I realised that The Royal Bodyguard despised me about five or six minutes in. Mark Bussell and Justin Sbresni's new comedy began with a backstory prologue to introduce us to its central character, Guy Hubble, a blazered ex-military jobsworth who has a job supervising the Buckingham Palace car park.

As the Royal Household wait for the Queen to climb into the royal coach, Hubble spots a stray crisp packet on the gravel and leaps forward to spare Her Majesty this distressing sight. And then, seeing that one of the Coldstream Guards is asleep at his post, he inflates the bag and pops it in his face, with a bang like a pistol going off. The coach horses bolt, with the Sovereign dangling from the steps. Having set this disaster in motion, Hubble then puts things rights, seconds away from a crash that would have put Prince Charles on the throne. How did this idiot get a senior post as a royal bodyguard?That's how.

It's not really a complicated comic idea, this. Think Inspector Clouseau and you're halfway there. Hubble, played by David Jason with a bantam-strut of self-regard, is chaos in trousers. But just in case we're a little slow on the uptake, the writers supply an exasperated superior to underline things for us. And then he finishes his little speech with the ponderous line: "With him in that job... anything could happen." Well, thank you for the clarification, but I'd actually worked that out five minutes ago. The character's the idiot, not the viewer. What followed was, as they say, "predictably hilarious", which means not terribly hilarious at all, unless you have a thing about seeing David Jason in his underwear hanging off a balcony. Nothing wrong with a cartoon, of course, but all too often this one is crudely drawn.

Clashing with a pair of sinister Slav assassins who talked about "shaking the vurld to its core", Hubble managed to cock everything up until his final cock-up inadvertantly saved Her Majesty and he was the hero of the hour again. It contained two sight-gags that made me laugh – one when Hubble attempted to eat a lobster with a knife and fork and another when a room-service trolley concealing him began inching out of the room propelled by his fingers – but another attempt at critical charity failed. I wrote in my notes that I thought the faults lay more in the direction than the script, since if it was played a little more deadpan some of the comedy would work much better. But then the credits revealed that the writers had also produced and directed it, so I'm afraid they're just going to have to carry the can.

Watching The Borrowers – an updated version of Mary Norton's classic – I was suddenly struck by an unwelcome parallel with Anne Frank's diary, in that bothbooks feature a family living in hiding behind the walls, terrified that they'll be spotted by the sinister forces outside. In this version, following that thought, Victoria Wood played a member of the Gestapo and Stephen Fry a sort of Dr Mengele figure, determined to trap the Borrowers so he could conduct scientific experiments on them. I didn't entirely buy Victoria Wood as a Nazi, and neither did those who made the film apparently, since she switched (without clear explanation) from hysterical malice at the beginning to cuddly granny by the end.

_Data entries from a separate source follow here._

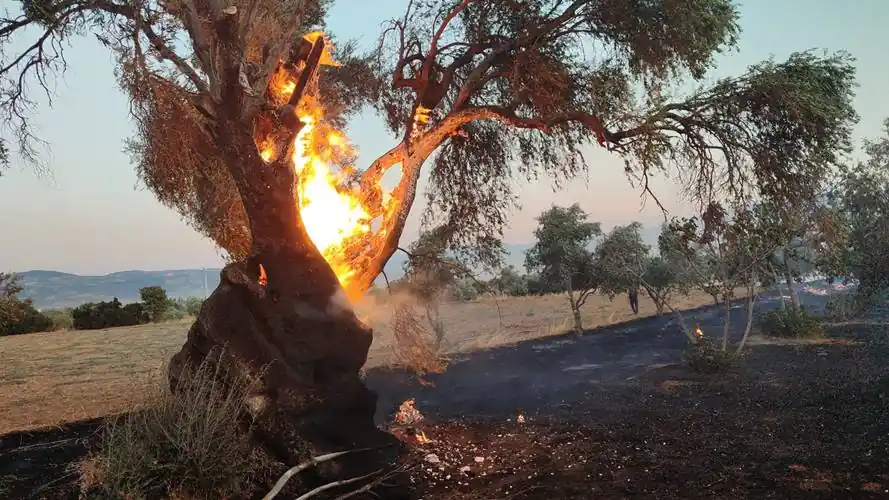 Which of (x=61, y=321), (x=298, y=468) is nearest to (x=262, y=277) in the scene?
(x=298, y=468)

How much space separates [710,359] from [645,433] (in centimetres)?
784

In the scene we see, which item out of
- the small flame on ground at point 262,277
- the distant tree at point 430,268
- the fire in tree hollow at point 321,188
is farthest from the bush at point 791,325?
the small flame on ground at point 262,277

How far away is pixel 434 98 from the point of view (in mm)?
12359

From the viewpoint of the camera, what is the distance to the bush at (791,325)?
24.5 m

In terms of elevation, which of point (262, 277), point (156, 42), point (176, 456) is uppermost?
point (156, 42)

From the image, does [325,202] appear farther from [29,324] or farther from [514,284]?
[514,284]

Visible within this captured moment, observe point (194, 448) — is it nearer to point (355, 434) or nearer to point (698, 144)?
point (355, 434)

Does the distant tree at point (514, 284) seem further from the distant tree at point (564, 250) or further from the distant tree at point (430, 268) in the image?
the distant tree at point (430, 268)

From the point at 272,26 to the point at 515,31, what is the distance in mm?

The miniature work was great, Charlie Hiscock was good as the little boy, James, and Ben Vanstone had some fun with the Christmas setting (the Borrowers hide out at one point in a nativity scene). But the decision to include a bit of sex interest for Arrietty – in the shape of a cocky biker played by Robert Sheehan – struck me as a slightly tiresome bow to teen manners. Let them watch Misfits, if they want that, and leave the Borrowers alone.